- Federal Court Interprets Ambiguous Licensing Terms In Favour Of Common Usage in Licensee's Industry
- December 10, 2012 | Author: Mark Pidkowich
- Law Firm: Smart & Biggar/Fetherstonhaugh - Vancouver Office
Contra proferentem is a doctrine of contractual interpretation which provides that an ambiguous term in a contract should be interpreted against the interests of the party who insisted that the clause be included. The doctrine is typically connoted as protecting the more vulnerable party to an agreement. Nevertheless, the recent Federal Court decision in Catherine Leuthold v Canadian Broadcasting Corporation, 2012 FC 748 ("Leuthold"), illustrates the reluctance of the Court to resort to contra proferentem, even for clearly weaker parties, and highlights the importance of detailing the scope of a license in an agreement, especially for parties unfamiliar with the industry in which the license is to be exploited.
The contract terms. The Leuthold decision involved the Canadian Broadcasting Corporation’s (the “CBC’s”) use of five photographs owned by Catherine Leuthold for a documentary film entitled As the Towers Fell (the “Production”). On September 10, 2002, the CBC transmitted the Production over its main channel in all five Canadian time zones, directly or indirectly through its affiliated stations, and over its wholly owned specialty service cable channel (“Newsworld”). According to a licensing agreement drafted by the CBC and executed by Leuthold (the “License”), the CBC was granted a non-exclusive and limited right to incorporate the five photographs in the Production for “one broadcast on CBC’s Network & Regional TV stations” (emphasis added). Accordingly, the Court was charged with determining the scope of the terms “one broadcast” and “CBC’s Network”.
Leuthold argued that “one broadcast” should be interpreted as meaning a single broadcast in a single time zone on the CBC’s main channel. The CBC, on the other hand, characterized the term as more encompassing and inclusive of all time zones. The Court rejected Leuthold’s interpretation of the “one broadcast” in the absence of a specific term to that effect, and in view of the CBC’s evidence that it was commonly understood in the industry that a Canadian broadcast, when it relates to a Canadian network, includes all time zones.
With respect to the term “CBC’s Network” and the broadcasts on Newsworld, Leuthold provided evidence that the CRTC considers CBC Television Network to be a separate and distinct entity from CBC Newsworld from a regulatory standpoint, such that it would be unreasonable to interpret “CBC’s Network” as inclusive of Newsworld. The CBC relied on evidence as to the CBC’s intent to include Newsworld in the License, including copies of contracts between the CBC and the company producing the Production which indicated that Newsworld was intended to be part of the agreement, and evidence establishing that the CBC always included Newsworld when obtaining permissions from rights holders.

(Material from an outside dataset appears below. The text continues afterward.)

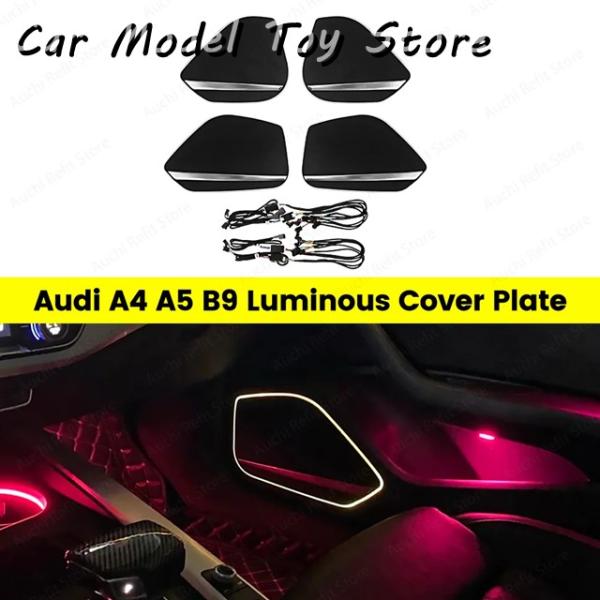 並行輸入品 アウディ A4 A5 B9 S4 S5 RS4 RS5 用 32色  LED スピーカーカバー カードア用ミッドレンジホーンスピーカーカバー 装飾プ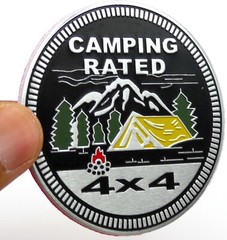 1pc Camping Rated Sticker Decal Emblem 4×4 Badge Auto Truck Fender 6cm 2.36″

Ambiguity. Leuthold further argued that any ambiguity in the term “CBC’s Network” should be resolved in her favour according to the doctrine of contra proferentem. More specifically, since the contract was drafted by the CBC, it was the responsibility of the CBC to clearly indicate the scope of the License. The Court, however, held that contra proferentem will only be invoked when all other rules of contractual construction fail to enable the Court to ascertain the meaning of a term, and referred to the following excerpt from Progressive Homes Ltd v Lombard General Insurance Co of Canada, 2010 SCC 33:
 - (C)ourts should prefer interpretations that are consistent with the reasonable expectations of the parties, so long as such an interpretation can be supported by the text of the (agreement). Courts should avoid interpretations that would give rise to an unrealistic result or that would not have been in the contemplation of the parties at the time the (agreement) was concluded.

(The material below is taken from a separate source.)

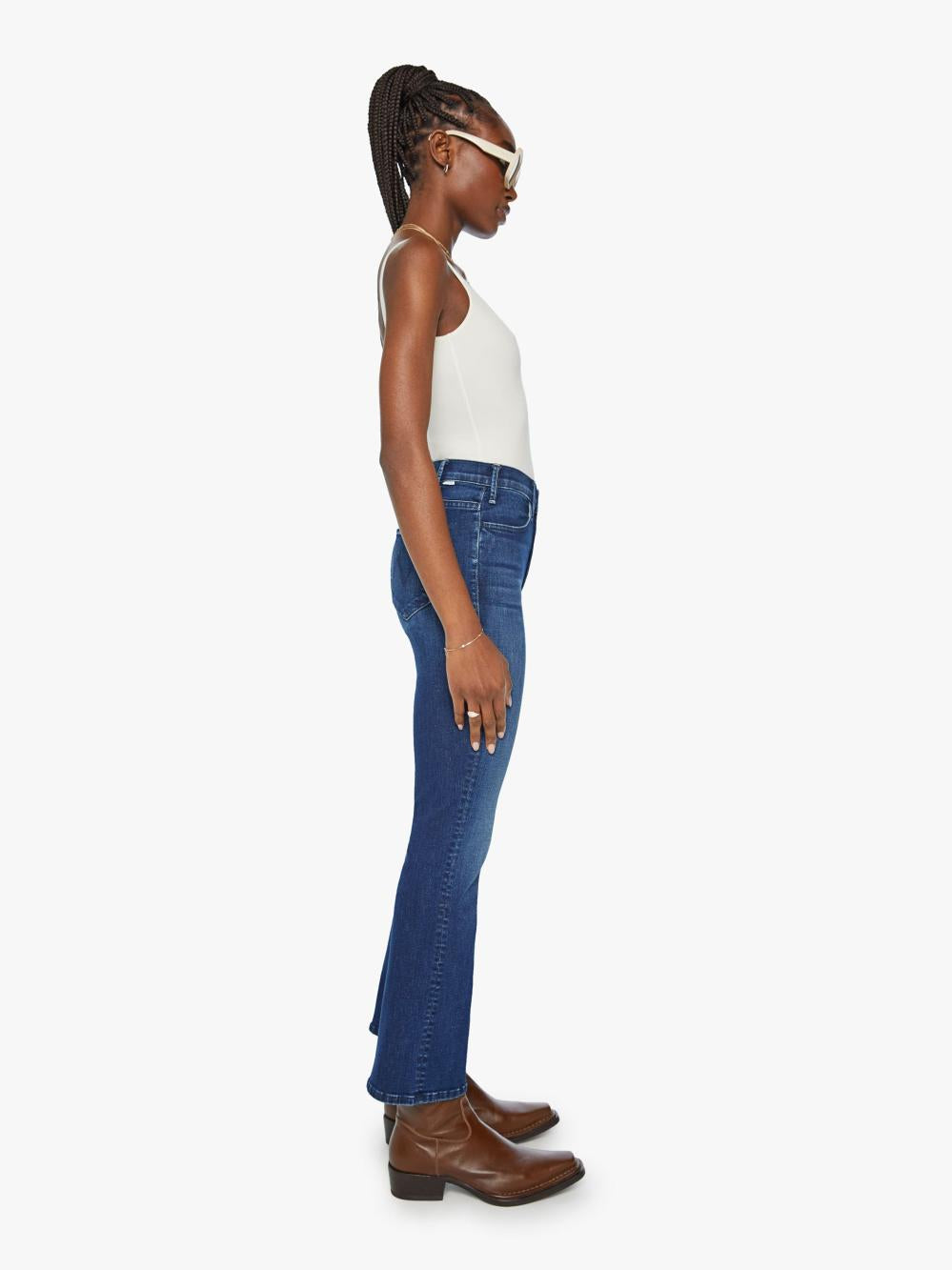 Women Bootcut | Mother Denim The Hustler Ankle - Heirloom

Holding that the Court may turn to industry usage when interpreting what the reasonable expectations of parties may have been, the Court found the evidence as to industry usage, and what would have been commercially sensible to the CBC, to clearly favour the CBC’s position. While acknowledging that the distinction between the CBC and Newsworld may be correct from a regulatory perspective, the Court nonetheless found that it did not apply to the process of obtaining permissions from rights holders, and that the defendants had clearly established that the CBC always included Newsworld when doing so. Accordingly, the Court concluded that the License included Newsworld and the right to broadcast in all time zones to affiliates and regional television stations, such that the September 10, 2002, broadcasts on Newsworld did not infringe Leuthold’s copyrights.
Know the industry. The Leuthold decision signals that ambiguous licensing terms may be interpreted from the perspective of the industry for which rights are licensed, regardless of the strict legal interpretation of the term or the sophistication of a party vis-à-vis that industry. It may further highlight the significance of contractual terms seeking to preclude the application of contra proferentem.
The Leuthold decision is currently under appeal.